Mas tomar o pai não é um gesto mental — é um movimento da alma.
Muitos carregam um “não” silencioso ao pai: por julgá-lo, por vê-lo pequeno, ou por carregar as feridas que ele deixou. O resultado é uma vida que parece sempre emperrada: projetos que não se sustentam, relações que se repetem, um medo infantil de ocupar o próprio lugar. É como tentar caminhar com um pé ainda preso ao chão da infância.

Na psicanálise, Lacan chamaria o pai de “Nome-do-Pai” — a função simbólica que introduz a Lei, o limite, o desejo que se separa do desejo da mãe. É o pai que diz, ainda que sem palavras: “Você não é tudo para ela, há um mundo além de nós.” Esse corte simbólico é o nascimento do sujeito. Sem ele, ficamos presos a uma fusão inconsciente com o materno, incapazes de desejar por conta própria.

Jung, por sua vez, via o pai como arquétipo do espírito: aquele que oferece direção, consciência e sentido. O pai interior é o que nos permite dizer “sim” à nossa jornada, mesmo quando o pai humano foi frágil, ausente ou violento. Integrá-lo é reconhecer que, por trás do homem falho, existe uma força ancestral que empurra para o crescimento.

Num atendimento sistêmico, é comum que alguém diga:
— “Meu pai nunca me apoiou.”
E o campo responde:
— “Ainda assim, foi ele quem te deu o impulso da vida.”
Quando o cliente se curva, em reverência interna, algo se alinha.

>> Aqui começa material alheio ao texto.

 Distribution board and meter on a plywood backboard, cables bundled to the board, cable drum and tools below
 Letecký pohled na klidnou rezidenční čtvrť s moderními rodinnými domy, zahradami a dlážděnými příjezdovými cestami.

O corpo respira diferente. O olhar se abre. Porque o pai não precisa ser amado como foi, mas reconhecido como origem.

Tomar o pai é aceitar a metade que nos leva adiante.

É dizer: “Recebo de ti a força para fazer, para ir, para conquistar.”
E então, o que antes era ausência, torna-se presença silenciosa nas costas, sustentando o caminhar.

Como no mito de Ícaro, aquele que quis voar além do limite, sem escutar o aviso do pai, muitos se perdem por tentar negar a lei paterna — a gravidade da realidade. O pai é o chão que ensina o peso do mundo, para que o voo não se confunda com fuga.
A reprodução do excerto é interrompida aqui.